PowerPC
PowerPC is a reduced instruction set computer (RISC) instruction set architecture (ISA) created by the 1991 Apple–IBM–Motorola alliance, also known as AIM. Since 2006, the evolving instruction set has been named Power ISA, while the older PowerPC name continues as a trademark for some Power Architecture–based processor implementations.[1]
Role as a compiler target
PowerPC appears in compiler-verification research as a concrete assembly target. A formally verified compiler back-end has been developed from Cminor, a simple imperative intermediate language, to PowerPC assembly code. That work used the Coq proof assistant both to program the compiler and to prove semantic preservation, with the motivation that compiler correctness helps carry source-level safety properties through to executable code in certification contexts.[2]
PowerPC was also one of the processor targets of Microsoft's Shared Source CLI implementation, also known as Rotor. Rotor included a single-pass just-in-time compiler that generated non-optimized code for Intel IA-32 and IBM PowerPC processors.[3]
Verification and conformance testing context
Research on processor test-program generation emphasizes testing conformance of a processor against an abstract model of its instruction set at the assembly level. This abstraction is important because it is often the level of detail available for commercial off-the-shelf processors and because it is the target level of high-level compilers.[4]

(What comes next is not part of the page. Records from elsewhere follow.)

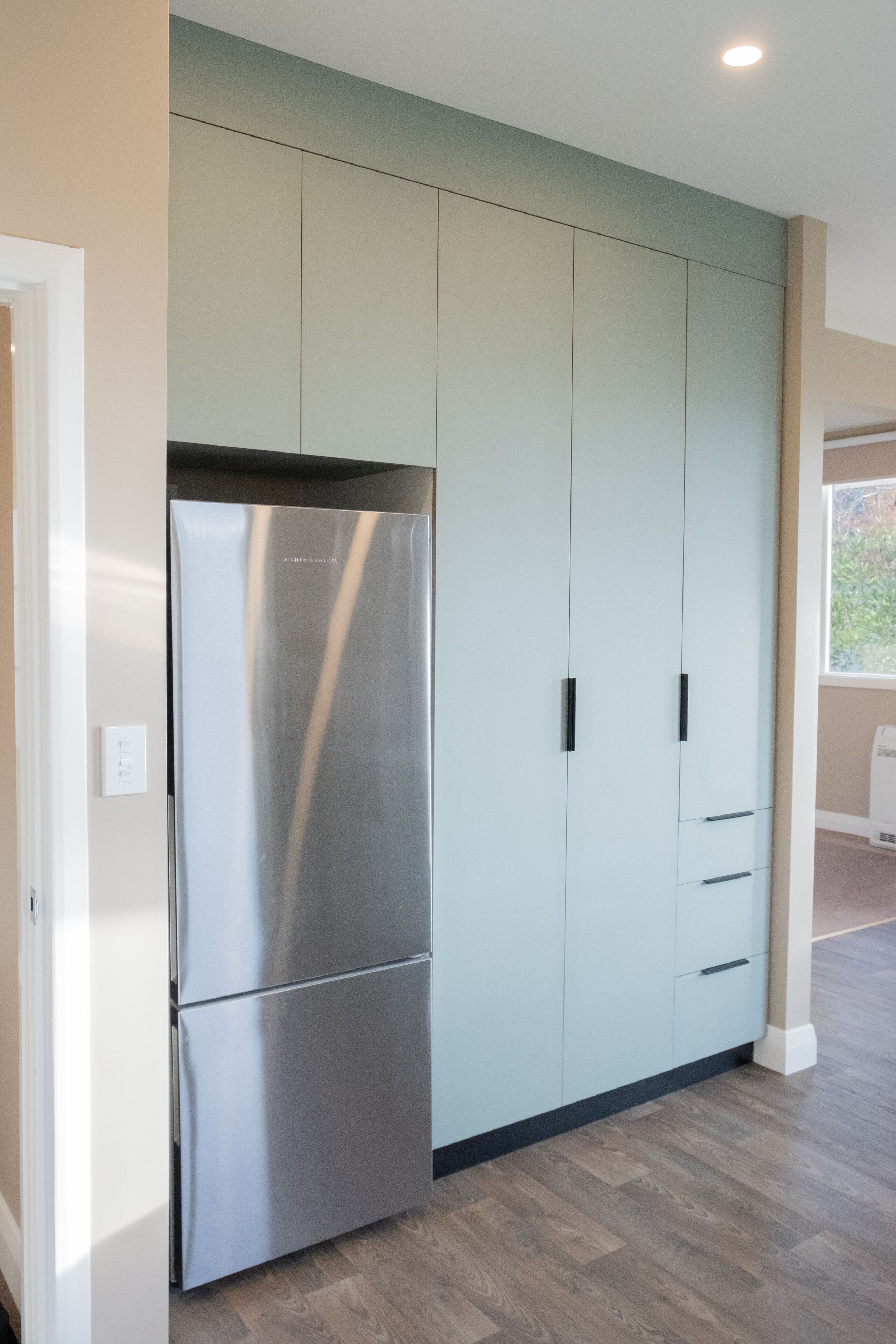 Une cuisine moderne avec un réfrigérateur en acier inoxydable, des meubles de couleur claire et un plancher en bois.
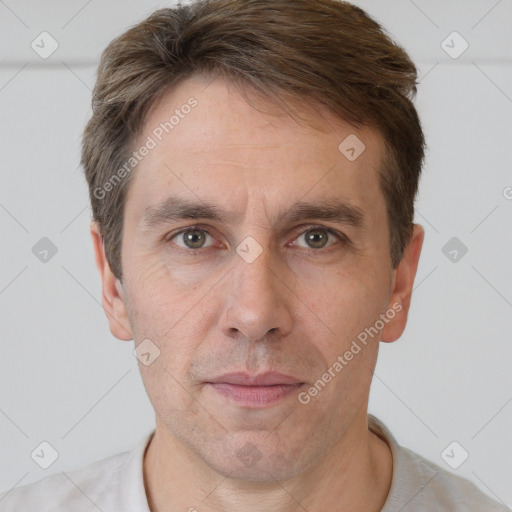 Neutral white adult male with short  brown hair and grey eyes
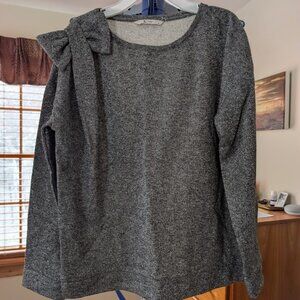 Silver-gray sweater with bow shoulder detail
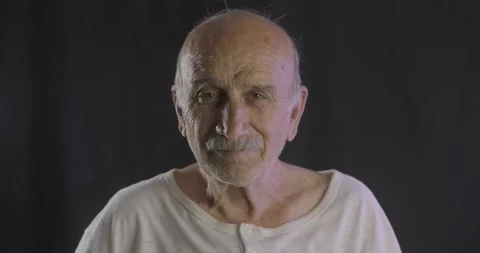 An old happy senior man is dancing on studio shot. Portrait of retired elderly Stock Footage 136762747
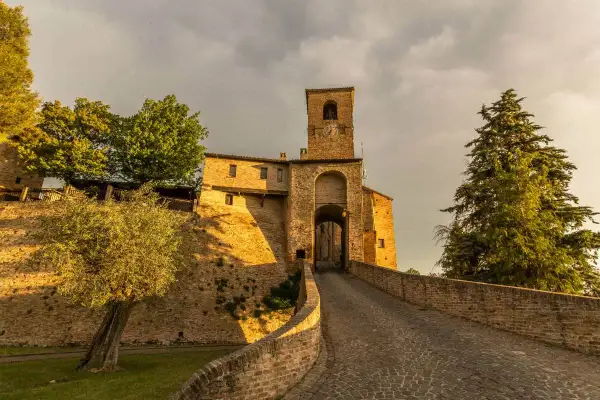 Antica porta di Montegridolfo cosa vedere: un borgo medievale con torre campanaria e vicoli acciottolati, immerso nel verde.
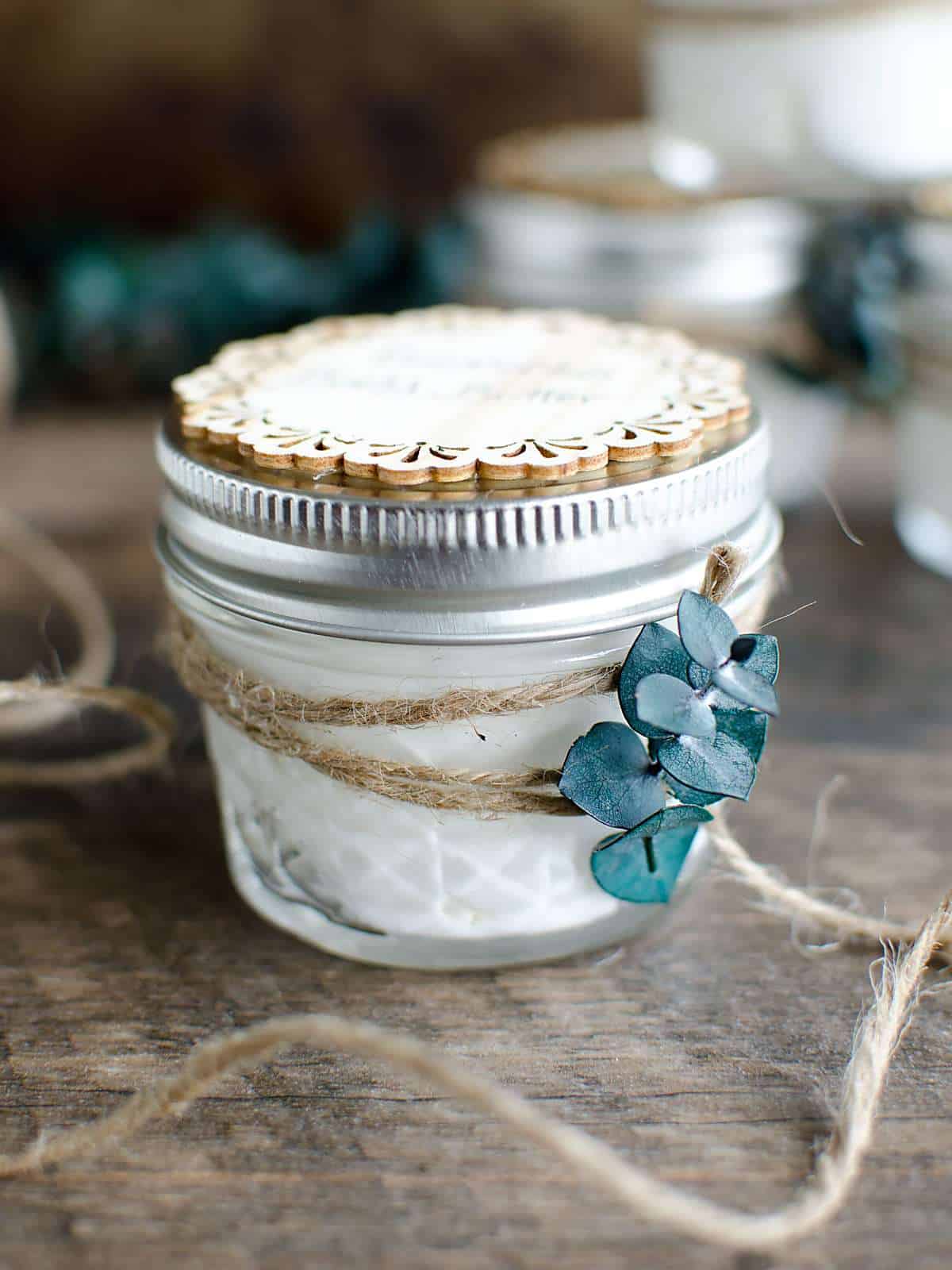 small jam jar tied with twine, filled with homemade eucalyptus body butter. 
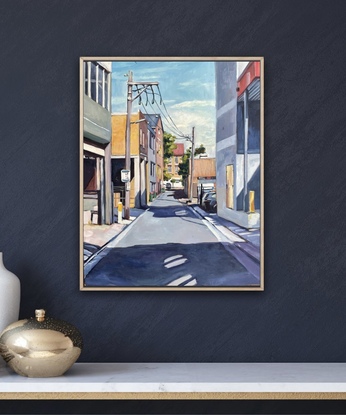 an urban back lane showing the buildings and their shadows on either side, with a public school in the distance. Framed in oak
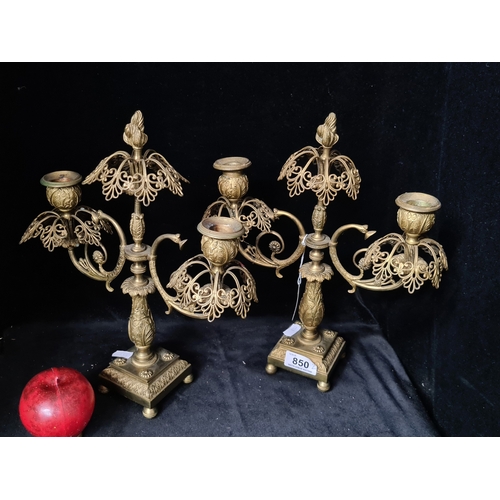 Star Lot: A stunning pair of late 19th century ormolu two knopp candelabras, the scroll arms raised above a leaf decorated baluster column on a square platform base with bun feet, 32.5cm high. Gorgeous look to these.
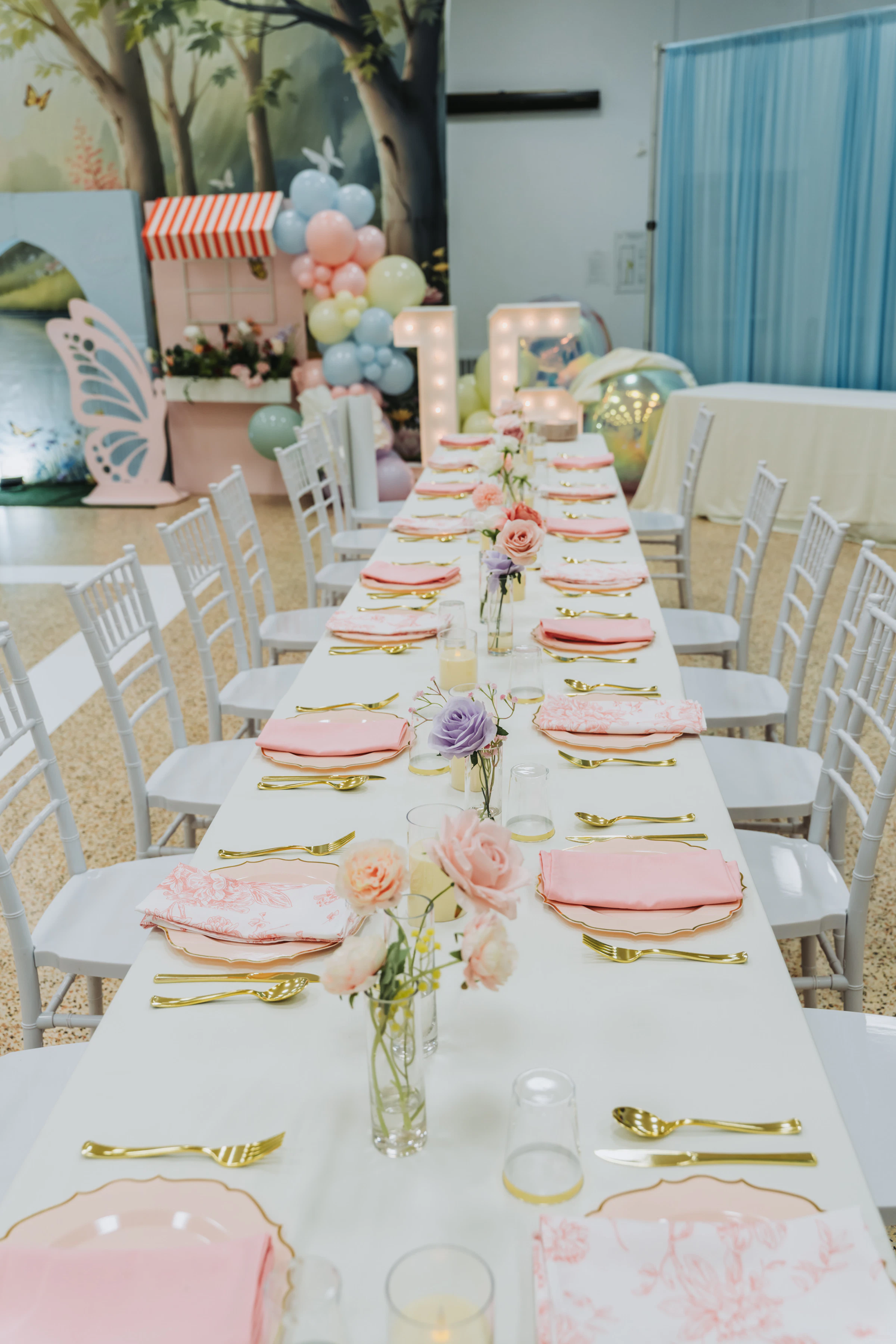 A celebration table arranged with balloons, flowers, tableware, and party decorations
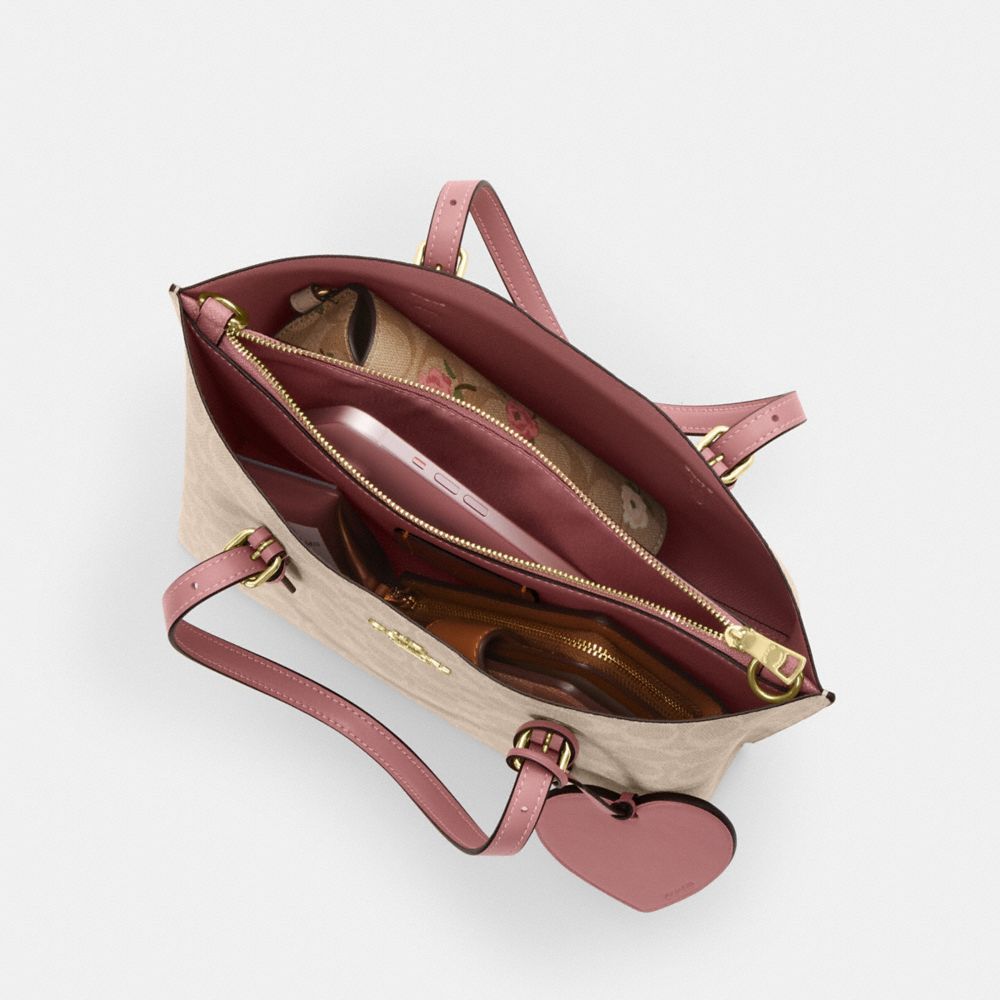 MOLLIE TOTE BAG 25 IN SIGNATURE CANVAS WITH HEART CHARM
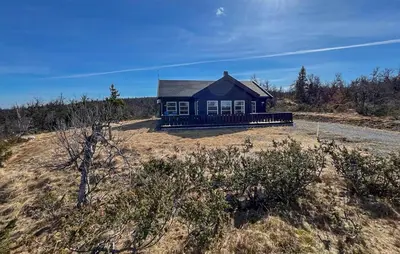 a small blue house on a hill in a field at Cozy Home In Ulnes With Sauna in Ulnes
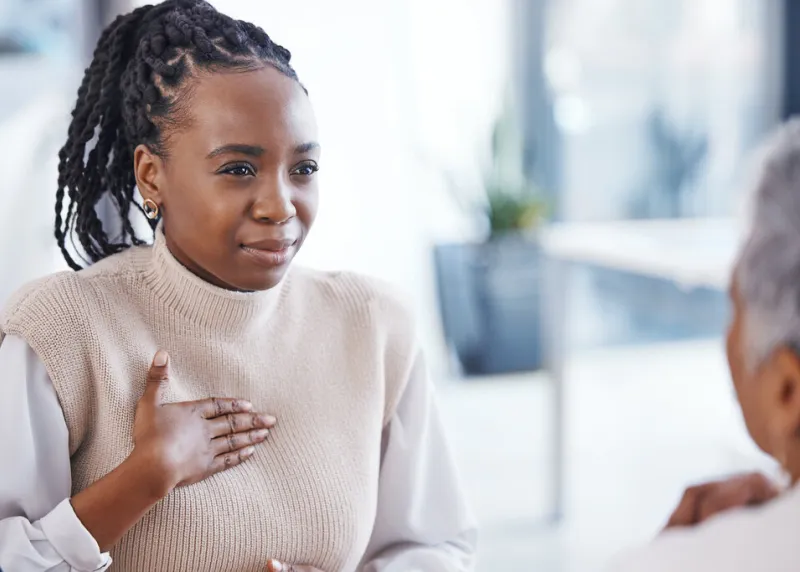 healthcare, patient and black woman with chest pain, sick and speaking to a doctor, hospital and illness female model, person or lady with heart problem, issue and medical professional with advice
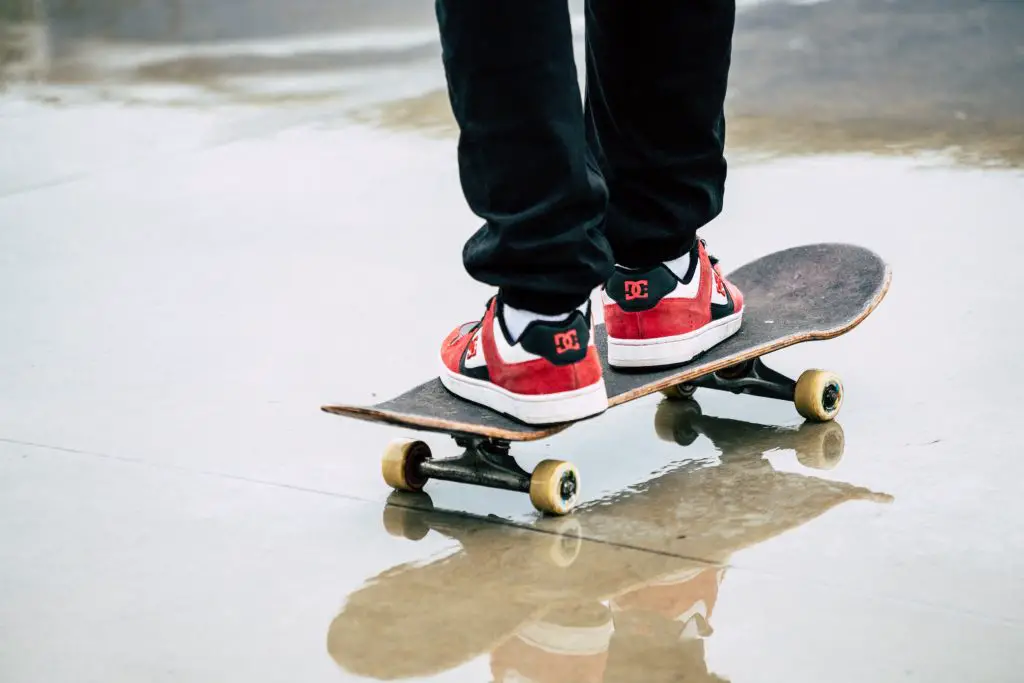 Image of a skateboarder using a skateboard on a wet floor. Source: unsplash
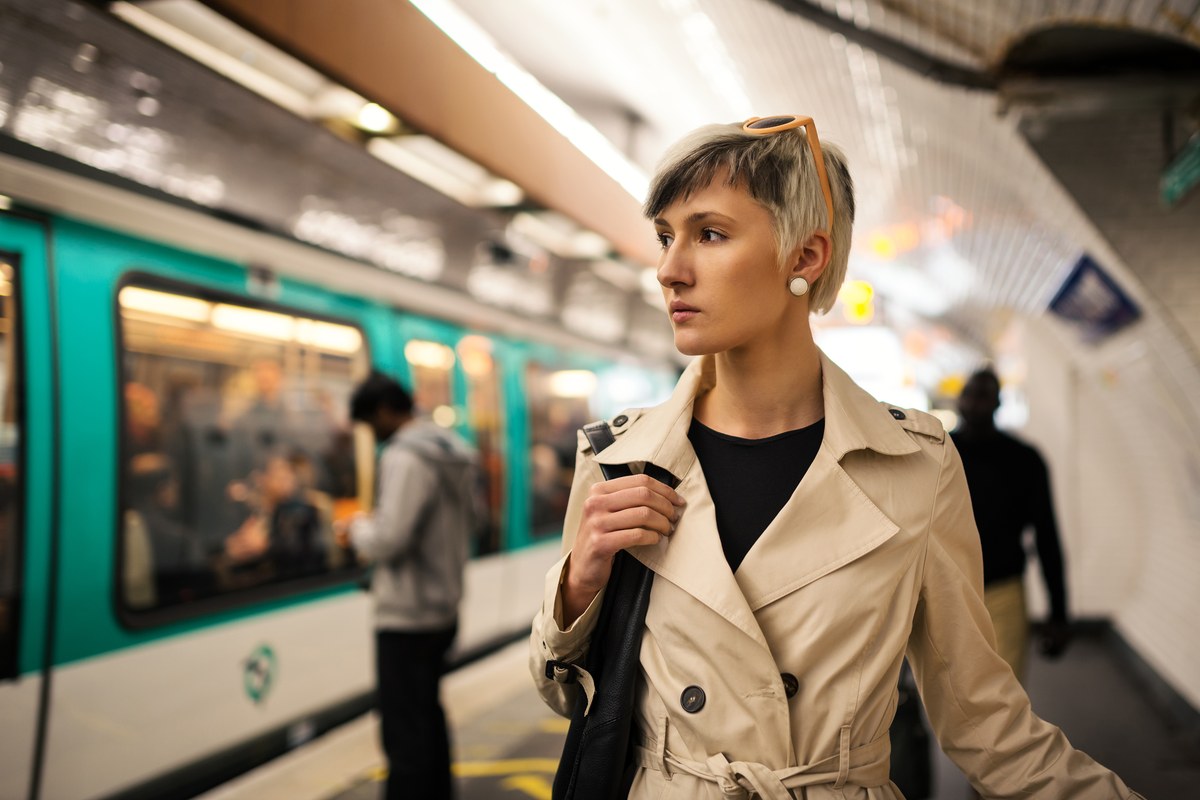 Woman in a trench coat on a Paris Métro platform beside a train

The same case-study paper lists prior work titled "Formal verification of a PowerPC microprocessor" from the 1995 IEEE International Conference on Computer Design, indicating that PowerPC implementations have been considered in formal hardware-verification literature.[5]
Notes
The provided evidence supports only a limited technical description: PowerPC's classification as a RISC ISA, its origin in the AIM alliance, its later relationship to Power ISA, and its use as a target or subject in compiler, JIT, and verification research. Details such as register files, instruction encodings, memory model behavior, privilege architecture, or specific processor families are not covered by the supplied sources.